On behalf of St. Edward School, Northside Elementary School, and Harrison County High School, we would like to thank the Harrison County Soil and Water Conservation District for their generous grant, which afforded us the opportunity to participate in a water watch stream project on Edgewater Pike on Monday, May 19.

The students searched the creek for pollution sensitive, less pollution sensitive, and polution tolerant macroinvertebrates (critters you can see without the use of a microscope). Fortunately, biodiversity was present, indicating that the quality of the water is quite good in terms of ecosystem stability. Tests for temperature, pH, and oxygenation were also conducted with favorable results.

This field trip was especially beneficial to the students because it was entirely hands-on and interactive. Students were prepared for what to look for in the stream and how to judge the quality of the water based on what they did and did not find.
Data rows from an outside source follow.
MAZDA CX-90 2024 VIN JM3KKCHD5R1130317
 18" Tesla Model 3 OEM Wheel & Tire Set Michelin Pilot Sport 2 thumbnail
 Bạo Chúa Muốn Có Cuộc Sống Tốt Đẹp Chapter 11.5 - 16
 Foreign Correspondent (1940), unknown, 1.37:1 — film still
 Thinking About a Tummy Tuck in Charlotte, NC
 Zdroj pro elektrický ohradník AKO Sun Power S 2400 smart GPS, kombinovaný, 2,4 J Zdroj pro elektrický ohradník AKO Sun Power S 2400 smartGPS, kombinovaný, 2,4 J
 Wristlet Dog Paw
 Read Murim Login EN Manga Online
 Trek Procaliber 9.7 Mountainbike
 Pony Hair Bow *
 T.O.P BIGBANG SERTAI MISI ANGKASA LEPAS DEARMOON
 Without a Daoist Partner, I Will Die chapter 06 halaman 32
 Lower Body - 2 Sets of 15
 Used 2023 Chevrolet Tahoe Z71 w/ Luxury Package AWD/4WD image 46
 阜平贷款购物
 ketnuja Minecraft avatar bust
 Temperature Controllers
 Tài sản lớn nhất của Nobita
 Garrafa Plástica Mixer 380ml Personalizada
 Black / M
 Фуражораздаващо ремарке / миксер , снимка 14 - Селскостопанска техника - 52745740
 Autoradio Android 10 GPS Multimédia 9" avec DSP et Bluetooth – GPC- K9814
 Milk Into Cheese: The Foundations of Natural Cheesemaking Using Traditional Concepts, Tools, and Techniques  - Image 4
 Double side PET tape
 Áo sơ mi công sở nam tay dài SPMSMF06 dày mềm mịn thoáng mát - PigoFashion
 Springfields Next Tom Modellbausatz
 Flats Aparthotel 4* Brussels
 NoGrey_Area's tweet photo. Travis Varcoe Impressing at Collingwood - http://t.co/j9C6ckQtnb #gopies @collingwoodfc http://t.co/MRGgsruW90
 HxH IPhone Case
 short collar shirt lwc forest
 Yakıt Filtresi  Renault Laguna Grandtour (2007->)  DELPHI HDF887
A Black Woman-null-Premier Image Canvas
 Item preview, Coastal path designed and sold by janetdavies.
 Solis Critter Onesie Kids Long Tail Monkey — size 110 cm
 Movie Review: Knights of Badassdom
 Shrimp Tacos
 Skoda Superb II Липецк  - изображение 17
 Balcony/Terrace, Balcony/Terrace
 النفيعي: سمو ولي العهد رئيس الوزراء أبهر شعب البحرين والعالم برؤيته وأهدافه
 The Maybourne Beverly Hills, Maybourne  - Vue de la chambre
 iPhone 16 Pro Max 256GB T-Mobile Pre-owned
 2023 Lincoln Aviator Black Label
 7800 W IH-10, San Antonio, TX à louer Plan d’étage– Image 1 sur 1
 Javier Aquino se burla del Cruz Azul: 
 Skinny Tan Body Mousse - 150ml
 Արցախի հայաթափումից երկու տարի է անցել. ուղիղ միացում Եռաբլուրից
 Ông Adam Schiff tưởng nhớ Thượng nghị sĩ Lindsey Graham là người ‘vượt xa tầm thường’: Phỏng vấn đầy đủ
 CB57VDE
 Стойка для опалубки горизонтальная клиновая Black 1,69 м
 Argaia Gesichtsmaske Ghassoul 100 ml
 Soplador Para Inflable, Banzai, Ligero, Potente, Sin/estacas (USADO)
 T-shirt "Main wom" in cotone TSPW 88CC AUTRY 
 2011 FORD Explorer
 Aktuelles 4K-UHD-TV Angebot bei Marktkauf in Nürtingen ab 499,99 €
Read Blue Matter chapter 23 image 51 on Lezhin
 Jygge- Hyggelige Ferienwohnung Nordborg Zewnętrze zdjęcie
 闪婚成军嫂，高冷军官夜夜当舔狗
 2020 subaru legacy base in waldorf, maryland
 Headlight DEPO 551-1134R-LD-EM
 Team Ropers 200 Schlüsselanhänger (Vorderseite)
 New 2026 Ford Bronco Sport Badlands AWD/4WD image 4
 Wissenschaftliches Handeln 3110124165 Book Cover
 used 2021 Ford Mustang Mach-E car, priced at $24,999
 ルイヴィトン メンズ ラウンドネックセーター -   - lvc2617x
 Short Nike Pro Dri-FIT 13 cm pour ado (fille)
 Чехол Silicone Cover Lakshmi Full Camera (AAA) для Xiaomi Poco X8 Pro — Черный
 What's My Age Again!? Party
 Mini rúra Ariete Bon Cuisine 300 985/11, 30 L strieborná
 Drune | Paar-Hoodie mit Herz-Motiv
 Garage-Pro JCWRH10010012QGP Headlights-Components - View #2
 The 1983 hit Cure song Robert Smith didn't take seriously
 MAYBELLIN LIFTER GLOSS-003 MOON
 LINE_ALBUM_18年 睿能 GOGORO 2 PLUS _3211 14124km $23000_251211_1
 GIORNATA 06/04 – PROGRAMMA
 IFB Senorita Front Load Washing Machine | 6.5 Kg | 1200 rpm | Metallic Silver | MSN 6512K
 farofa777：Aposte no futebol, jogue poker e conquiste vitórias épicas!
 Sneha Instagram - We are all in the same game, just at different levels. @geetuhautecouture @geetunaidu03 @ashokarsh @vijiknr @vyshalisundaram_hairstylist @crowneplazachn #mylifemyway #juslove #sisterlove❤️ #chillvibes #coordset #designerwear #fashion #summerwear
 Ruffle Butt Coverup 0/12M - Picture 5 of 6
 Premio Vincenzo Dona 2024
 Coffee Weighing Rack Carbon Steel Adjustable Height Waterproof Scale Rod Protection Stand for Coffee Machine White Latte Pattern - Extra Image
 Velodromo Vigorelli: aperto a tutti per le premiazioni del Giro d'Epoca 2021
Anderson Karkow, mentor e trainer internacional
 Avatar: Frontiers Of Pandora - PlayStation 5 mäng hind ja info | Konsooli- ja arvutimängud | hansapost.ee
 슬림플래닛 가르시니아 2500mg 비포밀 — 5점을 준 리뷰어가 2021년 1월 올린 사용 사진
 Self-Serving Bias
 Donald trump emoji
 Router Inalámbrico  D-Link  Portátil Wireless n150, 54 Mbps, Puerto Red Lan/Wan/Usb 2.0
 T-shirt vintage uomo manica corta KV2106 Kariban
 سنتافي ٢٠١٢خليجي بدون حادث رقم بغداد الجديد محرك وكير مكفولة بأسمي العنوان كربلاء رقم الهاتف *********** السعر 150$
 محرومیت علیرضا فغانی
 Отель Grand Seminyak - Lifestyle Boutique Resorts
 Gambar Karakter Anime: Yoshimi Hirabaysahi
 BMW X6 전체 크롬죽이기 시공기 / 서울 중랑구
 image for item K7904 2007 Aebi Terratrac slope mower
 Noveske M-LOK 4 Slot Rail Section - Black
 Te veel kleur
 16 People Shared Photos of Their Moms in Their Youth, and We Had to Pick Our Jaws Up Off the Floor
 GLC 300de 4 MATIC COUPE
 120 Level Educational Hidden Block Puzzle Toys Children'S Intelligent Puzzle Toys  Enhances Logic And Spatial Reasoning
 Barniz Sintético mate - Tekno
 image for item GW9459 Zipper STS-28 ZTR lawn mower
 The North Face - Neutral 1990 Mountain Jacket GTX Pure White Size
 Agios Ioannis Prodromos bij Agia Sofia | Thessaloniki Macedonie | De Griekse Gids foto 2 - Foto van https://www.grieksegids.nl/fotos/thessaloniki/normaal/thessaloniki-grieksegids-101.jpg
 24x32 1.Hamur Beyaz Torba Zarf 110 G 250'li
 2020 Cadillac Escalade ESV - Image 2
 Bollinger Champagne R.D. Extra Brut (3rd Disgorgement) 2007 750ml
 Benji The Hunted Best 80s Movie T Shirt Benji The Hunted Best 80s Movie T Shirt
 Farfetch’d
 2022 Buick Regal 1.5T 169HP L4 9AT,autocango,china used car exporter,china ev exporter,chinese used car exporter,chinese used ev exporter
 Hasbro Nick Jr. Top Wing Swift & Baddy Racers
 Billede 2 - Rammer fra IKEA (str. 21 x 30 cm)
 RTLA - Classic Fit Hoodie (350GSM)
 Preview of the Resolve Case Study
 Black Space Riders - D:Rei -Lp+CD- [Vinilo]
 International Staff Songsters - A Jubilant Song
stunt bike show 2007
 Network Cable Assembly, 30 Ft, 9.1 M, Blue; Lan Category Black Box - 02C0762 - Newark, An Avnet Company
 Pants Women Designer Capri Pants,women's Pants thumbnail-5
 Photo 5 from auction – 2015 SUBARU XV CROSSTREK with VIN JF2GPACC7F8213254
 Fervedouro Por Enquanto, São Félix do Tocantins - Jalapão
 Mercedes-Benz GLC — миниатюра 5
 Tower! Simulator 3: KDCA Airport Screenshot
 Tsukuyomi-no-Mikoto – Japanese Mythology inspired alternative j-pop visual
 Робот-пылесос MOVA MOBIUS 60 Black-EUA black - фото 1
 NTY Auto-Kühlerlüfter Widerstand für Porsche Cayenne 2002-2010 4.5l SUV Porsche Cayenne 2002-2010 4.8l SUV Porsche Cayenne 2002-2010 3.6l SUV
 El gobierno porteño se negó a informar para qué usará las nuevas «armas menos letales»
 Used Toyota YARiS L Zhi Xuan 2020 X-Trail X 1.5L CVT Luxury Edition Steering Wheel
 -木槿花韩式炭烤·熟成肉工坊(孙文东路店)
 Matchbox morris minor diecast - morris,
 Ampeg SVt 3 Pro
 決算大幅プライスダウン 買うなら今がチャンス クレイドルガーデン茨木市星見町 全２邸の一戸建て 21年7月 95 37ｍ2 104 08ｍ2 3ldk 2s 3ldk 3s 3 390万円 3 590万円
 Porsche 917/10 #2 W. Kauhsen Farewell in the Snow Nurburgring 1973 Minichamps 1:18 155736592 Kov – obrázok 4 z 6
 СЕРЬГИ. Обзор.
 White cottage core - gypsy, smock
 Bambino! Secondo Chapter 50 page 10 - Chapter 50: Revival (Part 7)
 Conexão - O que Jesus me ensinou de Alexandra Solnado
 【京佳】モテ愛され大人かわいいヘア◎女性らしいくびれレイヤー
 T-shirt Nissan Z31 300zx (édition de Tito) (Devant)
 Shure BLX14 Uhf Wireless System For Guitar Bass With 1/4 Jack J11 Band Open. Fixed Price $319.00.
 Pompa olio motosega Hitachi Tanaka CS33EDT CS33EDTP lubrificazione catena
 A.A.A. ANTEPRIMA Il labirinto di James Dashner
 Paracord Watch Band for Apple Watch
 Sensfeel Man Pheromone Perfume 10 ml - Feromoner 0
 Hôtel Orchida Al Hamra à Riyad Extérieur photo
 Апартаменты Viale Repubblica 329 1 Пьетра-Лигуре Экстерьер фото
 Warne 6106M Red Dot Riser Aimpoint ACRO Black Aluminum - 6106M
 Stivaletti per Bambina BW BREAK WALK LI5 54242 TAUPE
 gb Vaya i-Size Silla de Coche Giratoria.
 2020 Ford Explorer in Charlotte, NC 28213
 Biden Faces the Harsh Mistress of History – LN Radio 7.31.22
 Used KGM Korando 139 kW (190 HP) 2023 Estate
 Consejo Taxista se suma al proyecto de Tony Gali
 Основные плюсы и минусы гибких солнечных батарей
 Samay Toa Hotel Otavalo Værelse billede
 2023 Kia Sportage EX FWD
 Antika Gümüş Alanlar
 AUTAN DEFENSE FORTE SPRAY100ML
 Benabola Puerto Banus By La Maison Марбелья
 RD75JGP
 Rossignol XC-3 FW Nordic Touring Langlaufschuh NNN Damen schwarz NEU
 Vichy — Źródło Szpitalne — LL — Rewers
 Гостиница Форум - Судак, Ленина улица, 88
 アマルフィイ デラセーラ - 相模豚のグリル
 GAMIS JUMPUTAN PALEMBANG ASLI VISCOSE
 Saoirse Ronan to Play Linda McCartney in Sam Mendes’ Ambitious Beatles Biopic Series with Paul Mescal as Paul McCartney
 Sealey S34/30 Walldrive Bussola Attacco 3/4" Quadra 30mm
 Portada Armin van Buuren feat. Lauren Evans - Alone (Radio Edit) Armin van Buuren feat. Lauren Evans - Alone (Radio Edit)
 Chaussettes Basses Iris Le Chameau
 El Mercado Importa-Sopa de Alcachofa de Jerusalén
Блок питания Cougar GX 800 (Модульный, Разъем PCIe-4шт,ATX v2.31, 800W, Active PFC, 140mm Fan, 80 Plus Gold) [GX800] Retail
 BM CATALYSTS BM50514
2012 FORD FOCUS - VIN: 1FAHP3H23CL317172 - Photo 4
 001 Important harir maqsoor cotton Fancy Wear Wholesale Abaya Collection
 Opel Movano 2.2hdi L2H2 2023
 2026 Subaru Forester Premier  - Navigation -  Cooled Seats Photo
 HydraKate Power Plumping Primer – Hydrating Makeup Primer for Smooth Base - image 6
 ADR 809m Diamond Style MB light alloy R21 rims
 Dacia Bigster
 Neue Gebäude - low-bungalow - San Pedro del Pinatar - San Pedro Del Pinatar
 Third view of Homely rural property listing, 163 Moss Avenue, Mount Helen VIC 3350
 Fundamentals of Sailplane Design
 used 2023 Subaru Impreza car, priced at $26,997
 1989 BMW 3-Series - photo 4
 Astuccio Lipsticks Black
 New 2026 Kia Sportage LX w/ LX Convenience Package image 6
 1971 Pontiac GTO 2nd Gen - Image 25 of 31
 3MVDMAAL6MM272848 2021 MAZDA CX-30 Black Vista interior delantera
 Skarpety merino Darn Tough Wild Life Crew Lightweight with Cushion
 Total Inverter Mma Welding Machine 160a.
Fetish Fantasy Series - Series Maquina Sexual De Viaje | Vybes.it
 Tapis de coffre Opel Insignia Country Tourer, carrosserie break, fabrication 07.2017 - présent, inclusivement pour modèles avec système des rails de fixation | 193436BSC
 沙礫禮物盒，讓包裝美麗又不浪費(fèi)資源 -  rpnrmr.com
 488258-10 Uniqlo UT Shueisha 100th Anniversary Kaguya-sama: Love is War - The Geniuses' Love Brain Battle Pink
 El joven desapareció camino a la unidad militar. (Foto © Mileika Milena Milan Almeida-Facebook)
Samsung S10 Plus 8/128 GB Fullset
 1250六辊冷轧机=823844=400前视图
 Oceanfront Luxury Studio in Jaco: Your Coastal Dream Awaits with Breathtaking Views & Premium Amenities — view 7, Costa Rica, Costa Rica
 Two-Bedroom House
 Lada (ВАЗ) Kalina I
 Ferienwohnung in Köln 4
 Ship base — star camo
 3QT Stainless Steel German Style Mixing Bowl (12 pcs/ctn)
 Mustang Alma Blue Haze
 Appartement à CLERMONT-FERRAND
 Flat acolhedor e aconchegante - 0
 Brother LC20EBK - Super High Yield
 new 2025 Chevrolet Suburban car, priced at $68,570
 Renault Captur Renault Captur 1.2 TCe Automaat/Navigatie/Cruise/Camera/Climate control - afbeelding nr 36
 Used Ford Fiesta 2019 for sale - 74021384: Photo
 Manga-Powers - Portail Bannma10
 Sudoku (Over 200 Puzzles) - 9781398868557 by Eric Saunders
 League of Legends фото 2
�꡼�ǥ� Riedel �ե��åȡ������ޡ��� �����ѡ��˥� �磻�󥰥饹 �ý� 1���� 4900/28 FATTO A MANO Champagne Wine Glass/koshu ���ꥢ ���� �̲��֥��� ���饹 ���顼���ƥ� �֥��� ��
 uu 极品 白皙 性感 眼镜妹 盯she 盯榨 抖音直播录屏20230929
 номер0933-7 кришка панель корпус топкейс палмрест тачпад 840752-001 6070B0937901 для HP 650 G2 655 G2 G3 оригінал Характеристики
One particularly educational aspect of the project was finding crayfish, which some students had never seen.

While virtually all field trips are incredible opportunities since they help students realize that education extends far beyond classroom walls, we feel this experience was particularly advantageous because of the first-hand awareness and internalized learning it promoted.

Furthermore, we feel this was a unique and wonderful partnering of public and parochial, elementary and secondary teachers and students.

Aside from having to wade through rather chilly water, it was a pleasant way for the students to explore their community and world. Hopefully, it will help them to be good stewards of our natural resources so that the quality of our local enviornment will continue to be healthy.